Durasi pemberian antibiotik yang efektif dengan waktu yang paling singkat untuk profilaksis infeksi paska bedah belum diketahui. Untuk beberapa prosedur, durasi antimikroba profilaksis seharusnya 24 jam atau kurang, kecuali untuk operasi cardiothoracic yang membutuhkan durasi 72 jam.
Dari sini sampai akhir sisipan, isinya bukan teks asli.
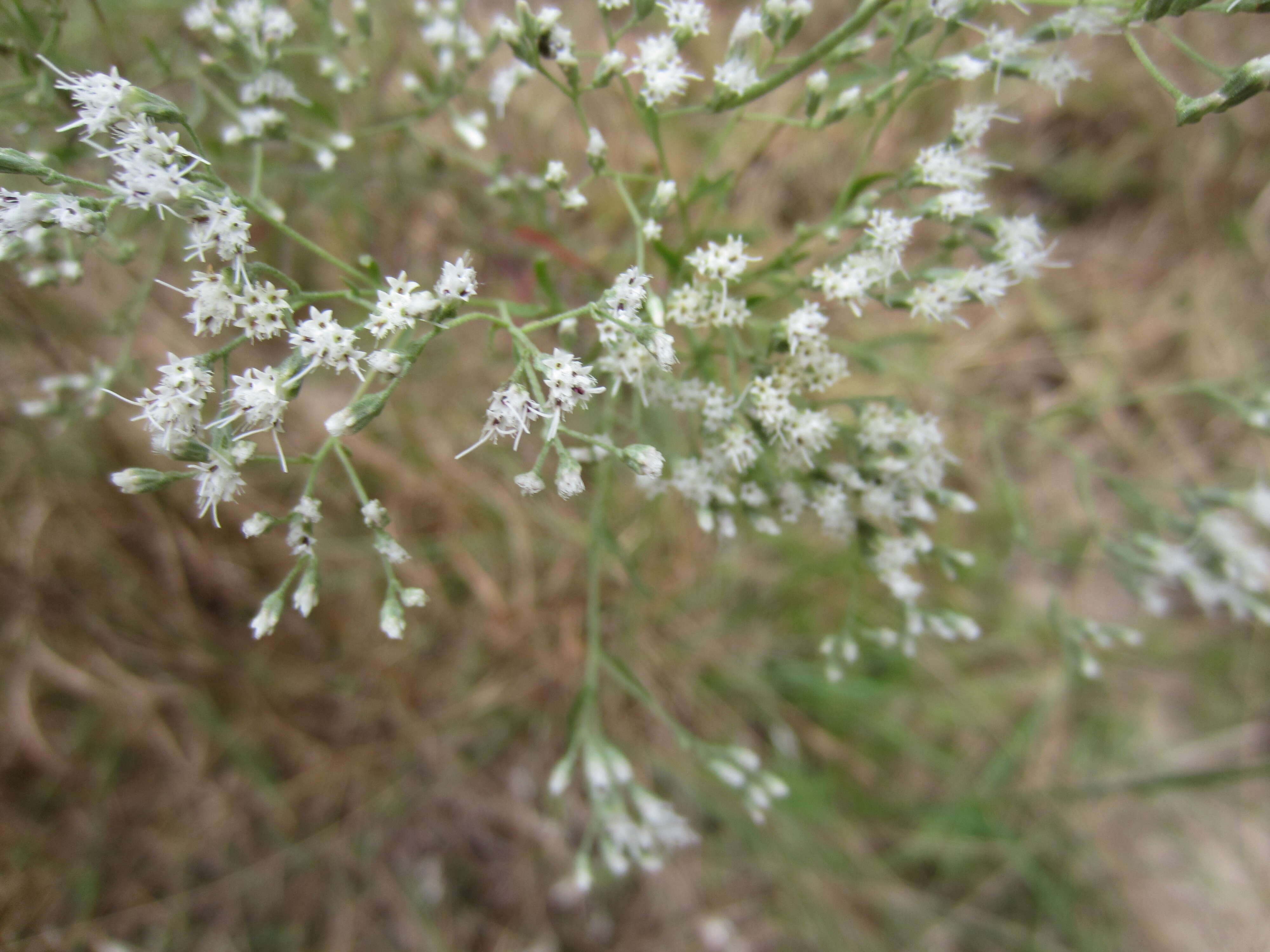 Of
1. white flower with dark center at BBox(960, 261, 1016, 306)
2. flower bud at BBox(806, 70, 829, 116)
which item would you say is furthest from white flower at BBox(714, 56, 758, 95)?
white flower with dark center at BBox(960, 261, 1016, 306)

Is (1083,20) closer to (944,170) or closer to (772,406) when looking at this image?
(944,170)

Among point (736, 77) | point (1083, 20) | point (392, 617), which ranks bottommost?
point (392, 617)

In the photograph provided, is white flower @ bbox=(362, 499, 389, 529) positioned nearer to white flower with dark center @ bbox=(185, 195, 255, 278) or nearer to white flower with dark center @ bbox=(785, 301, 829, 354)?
white flower with dark center @ bbox=(185, 195, 255, 278)

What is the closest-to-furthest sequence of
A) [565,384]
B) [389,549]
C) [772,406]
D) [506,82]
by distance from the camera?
[565,384] < [389,549] < [772,406] < [506,82]

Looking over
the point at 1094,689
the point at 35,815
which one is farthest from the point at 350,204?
the point at 1094,689

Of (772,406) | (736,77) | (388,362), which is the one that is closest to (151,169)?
(388,362)

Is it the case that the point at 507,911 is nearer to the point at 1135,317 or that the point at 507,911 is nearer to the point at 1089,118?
the point at 1135,317

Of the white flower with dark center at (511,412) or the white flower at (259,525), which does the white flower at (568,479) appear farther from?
the white flower at (259,525) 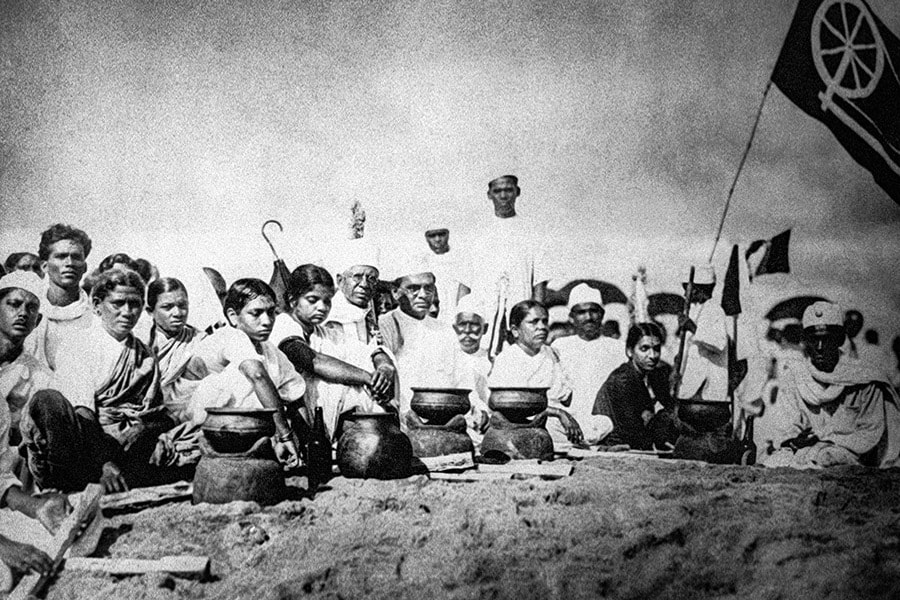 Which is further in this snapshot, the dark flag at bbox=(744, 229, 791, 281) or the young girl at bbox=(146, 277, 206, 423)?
the dark flag at bbox=(744, 229, 791, 281)

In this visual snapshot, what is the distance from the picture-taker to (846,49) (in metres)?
5.21

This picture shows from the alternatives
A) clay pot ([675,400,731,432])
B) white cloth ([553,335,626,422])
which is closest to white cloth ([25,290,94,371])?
white cloth ([553,335,626,422])

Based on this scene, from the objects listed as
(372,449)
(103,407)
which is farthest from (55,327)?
(372,449)

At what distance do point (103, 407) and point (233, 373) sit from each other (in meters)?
0.81

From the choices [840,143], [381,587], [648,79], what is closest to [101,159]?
[381,587]

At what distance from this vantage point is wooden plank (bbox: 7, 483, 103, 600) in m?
4.53

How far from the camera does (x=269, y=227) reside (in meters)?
5.11

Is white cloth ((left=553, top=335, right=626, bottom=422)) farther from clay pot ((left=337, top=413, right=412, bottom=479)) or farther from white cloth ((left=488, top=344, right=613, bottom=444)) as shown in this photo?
clay pot ((left=337, top=413, right=412, bottom=479))

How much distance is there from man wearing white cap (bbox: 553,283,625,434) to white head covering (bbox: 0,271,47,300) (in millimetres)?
3297

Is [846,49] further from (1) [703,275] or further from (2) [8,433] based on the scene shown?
(2) [8,433]

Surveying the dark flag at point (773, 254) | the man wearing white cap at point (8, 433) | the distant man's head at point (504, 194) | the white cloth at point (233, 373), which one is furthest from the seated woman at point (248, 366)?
the dark flag at point (773, 254)

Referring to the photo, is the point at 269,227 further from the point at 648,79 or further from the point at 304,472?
the point at 648,79

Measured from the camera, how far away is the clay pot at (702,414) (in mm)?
5039

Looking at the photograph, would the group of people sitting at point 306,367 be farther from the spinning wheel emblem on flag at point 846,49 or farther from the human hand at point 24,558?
the spinning wheel emblem on flag at point 846,49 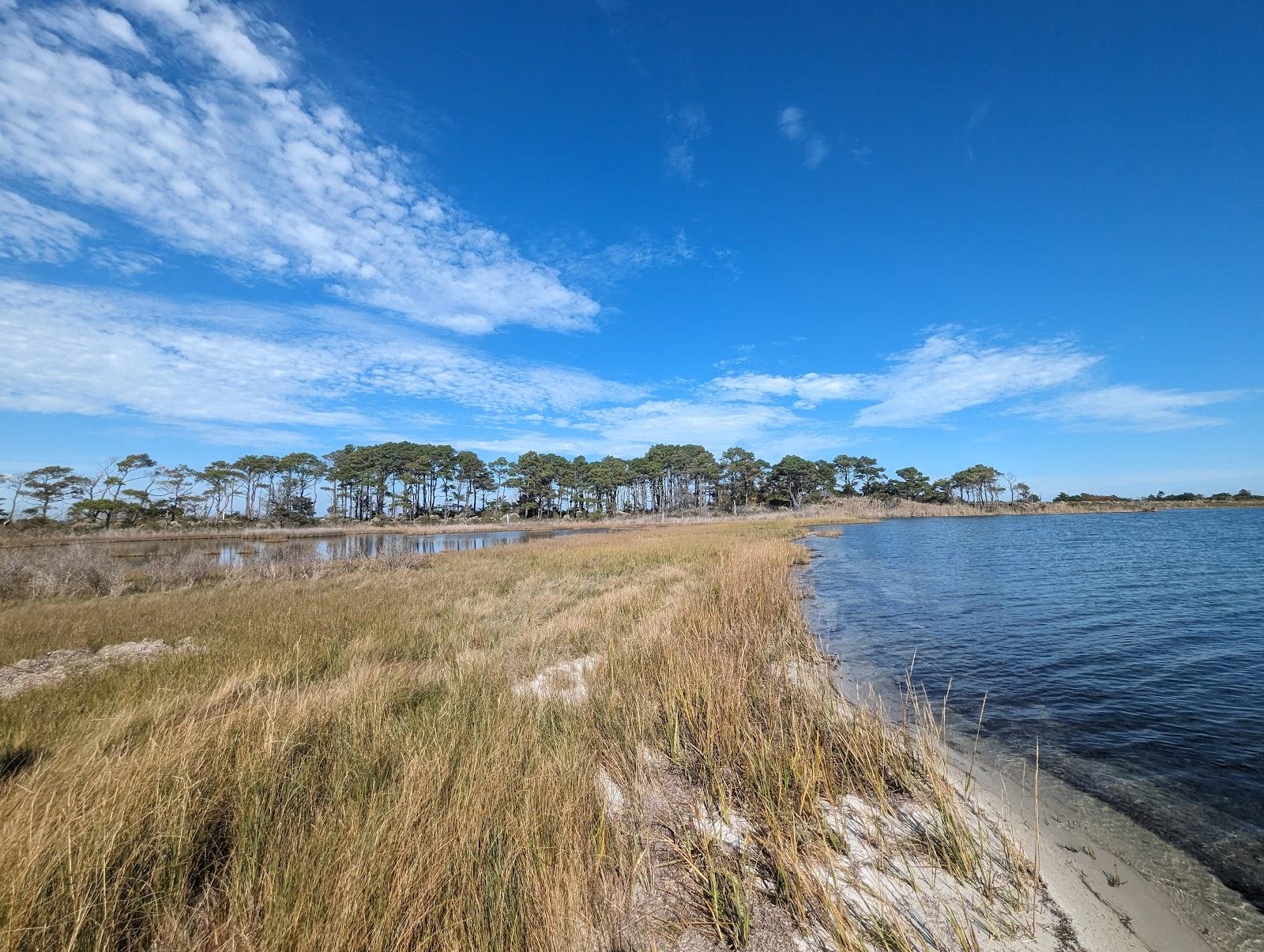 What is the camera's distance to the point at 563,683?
5816 millimetres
Mempertahankan konsentrasi antibiotik setelah operasi dan pemulihan fisiologi normal setelah anastesi tidak meningkatkan efikasi dari antibiotik profilaksi, melainkan dapat meningkatkan toksisitas dan meningkatkan biaya. Jika operasi dilakukan selama empat jam atau kurang, pemberian antibiotik dengan dosis tunggal sudah cukup. Pada operasi dengan waktu yang panjang lebih dari empat jam penambahan dosis antibiotik mungkin dibutuhkan untuk menjaga konsentrasi efektif antibiotik dalam jaringan, khususnya untuk antibiotik yang memiliki waktu paruh yang singkat. Pemberian antibiotik profilaksis hingga luka bedah mengering sudah dihapuskan (tidak digunakan lagi) dan tidak logis juga tidak terbukti dapat memberikan keuntungan.

DAFTAR PUSTAKA 

Bratzler D.W. dan  Houck P.M, 2004. Antimicrobial Prophylaxis for Surgery: An Advisory Statement from the National Surgical Infection Prevention Project. Major Article Clinical Infectious Diseases (CID) 2004; 38:1706–15

Munckhof W., 2005. Antibiotics for surgical prophylaxis. Australian Prescriber, vol 28. Number 2. April 2005. Page 38 to 40

Reksoprawiro S. (unknow year) Penggunaan Antibiotik Profilaksis Pada Pembedahan. Departemen/ SMF Ilmu Bedah, Fakultas Kedokteran Universitas Airlangga/ RSU Dr. Soetomo. Surabaya.

Wood, Ronald & Dellinger, E. P. 1998. Current Guidelines for Antibiotic Prophylaxis of Surgical Wounds. University of Washington Medical Center, Seattle, Washington.